INSTITUT DE FRANCE
ACADÉMIE FRANÇAISE
SECOND CENTENAIRE DE LA MORT DE RACINE
ALLOCUTION DE
M. HENRY HOUSSAYE
MEMBRE DE L’ACADÉMIE FRANÇAISE
AU BANQUET DE LA FERTÉ-MILON
Le 23 avril 1899
MONSIEUR LE MAIRE,
Au nom de l’Académie française, je vous félicite et je vous remercie pour la part que la ville de la Ferté-Milon a prise à la commémoration du deuxième centenaire de Racine.
Ce deuxième centenaire est célébré avec l’éclat qui convenait. En l’église de Saint-Étienne-du-Mont, Monseigneur l’évêque d’Orléans a prononcé le panégyrique du grand poète chrétien d’Esther et d’Athalie. La Comédie-Française a représenté Bérénice et les Plaideurs, ces deux chefs-d’œuvre de l’auteur tragique et de l’auteur comique par miracle réunis en un seul homme.
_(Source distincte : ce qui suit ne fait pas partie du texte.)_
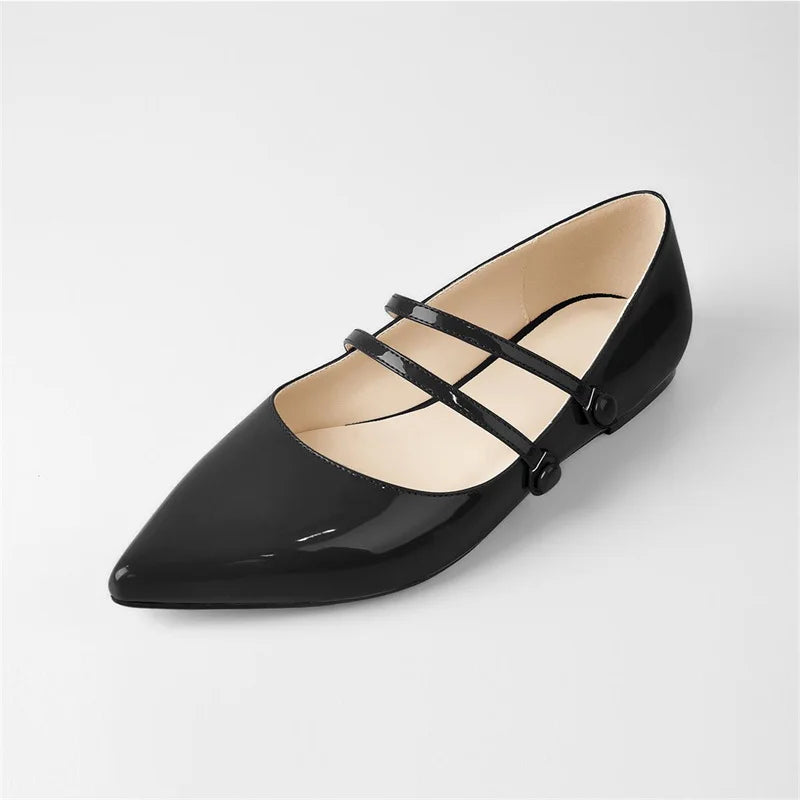 Pointed Toe Women Mary Jane Double Strap Retro Elegant Big Size Daily Flats Pumps
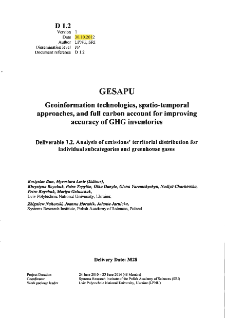 Analysis of Emissions’ Territorial Distribution for Individual Subcategories and Greenhouse Gases.Deliverable 1.2 * Analysis of emissions' territorial distribution for road transport sector in Poland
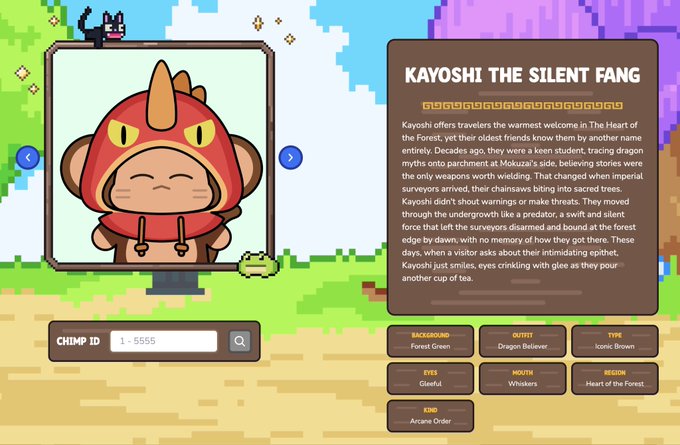 A pixel-art character profile page for 'KAYOSHI THE SILENT FANG', a chimp-like creature in a dragon hoodie, with attributes including Forest Crown background, Dragon Believer outfit, and Heart of the Forest region.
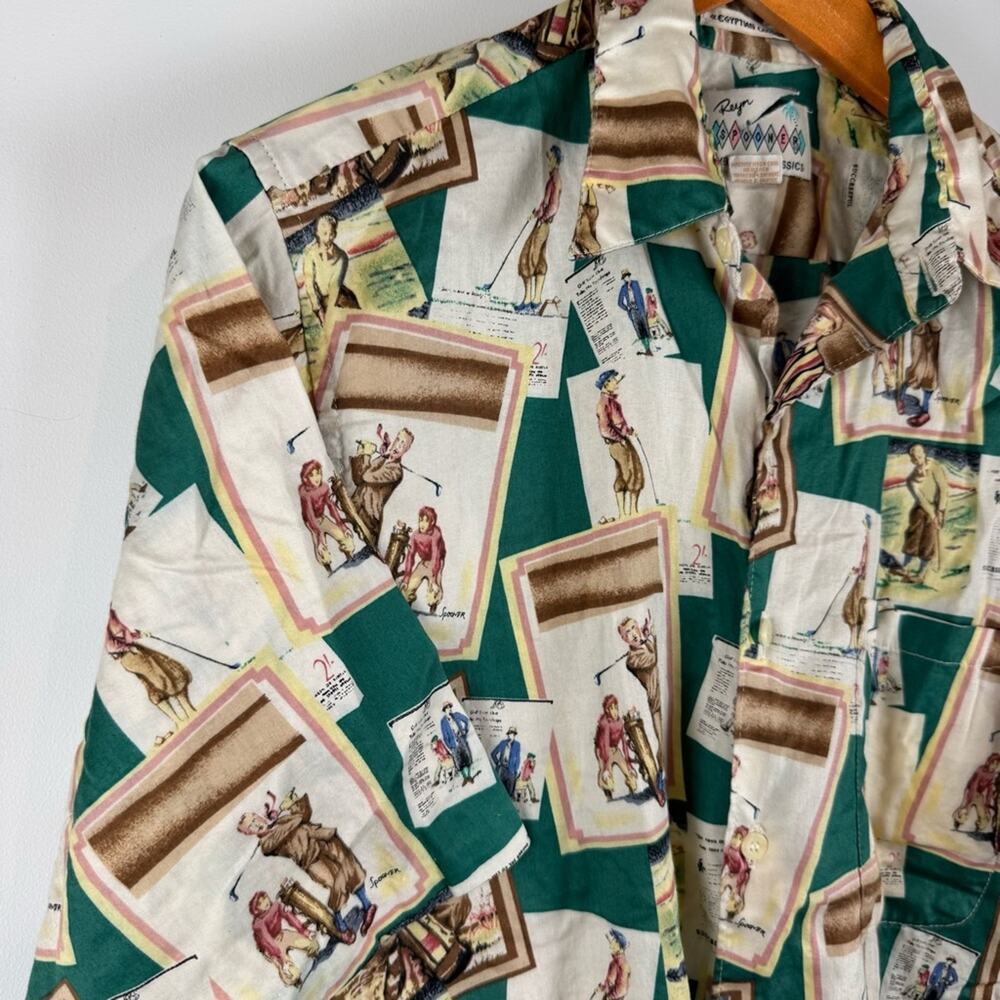 Reyn Spooner Golf Graphic Egyptian Cotton Button Down Short Sleeve Shirt ~ Small - Picture 3 of 13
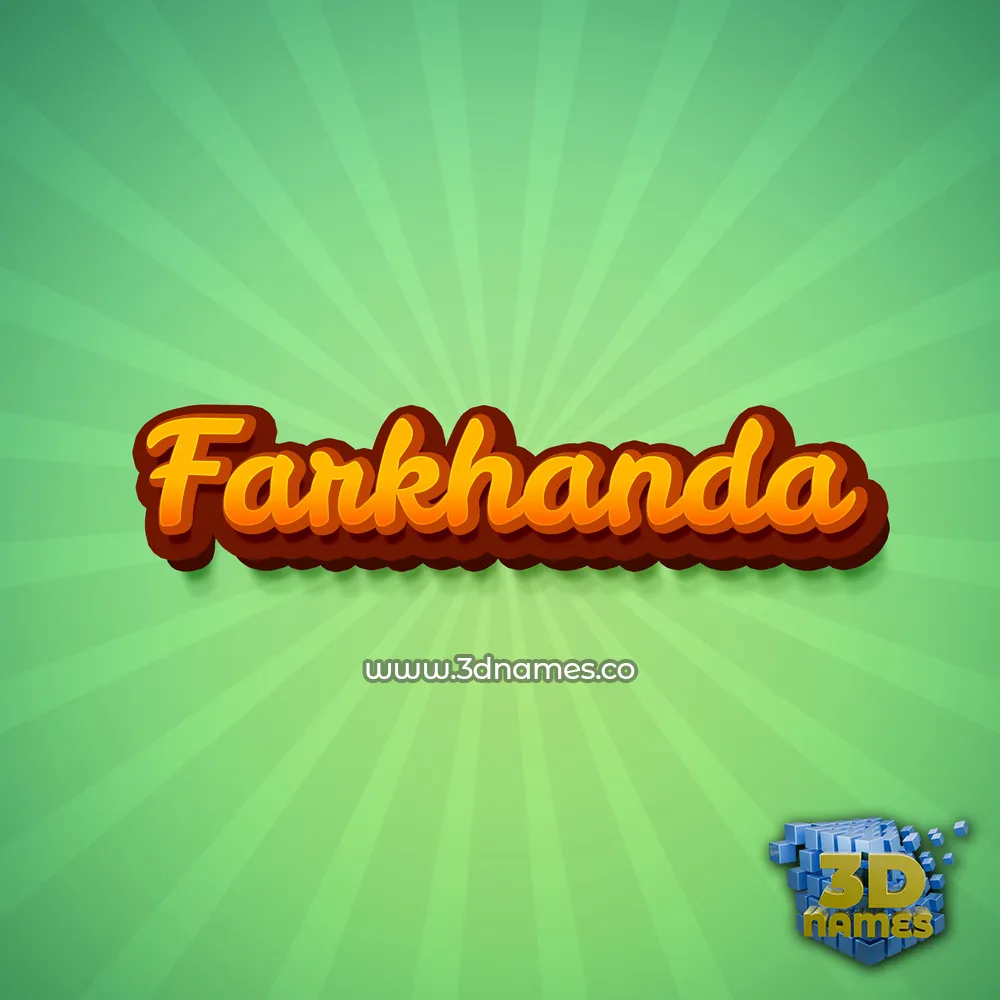 farkhanda in Green Rays style - 3D name wallpaper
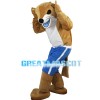Lively Beaver In Blue Shorts Mascot Costume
Après-demain, on inaugurera sur les ruines de Port-Royal un buste de Racine, et nous entendrons un de nos plus chers confrères dire, avec sa grâce simple, pénétrante et puissante, — la grâce des forts, — comment la Muse grecque prit le jeune Racine dans cette austère Maison pour le mener au Panthéon des grands tragiques.
Il fallait aussi que le glorieux souvenir de Racine fût célébré dans cette ville de la Ferté-Milon, où il est né d’une très vieille famille milanaise, où il a passé ses dix premières années, où il est maintes fois revenu et que, aux heures fortunées comme aux heures sombres, il n’a jamais oubliée.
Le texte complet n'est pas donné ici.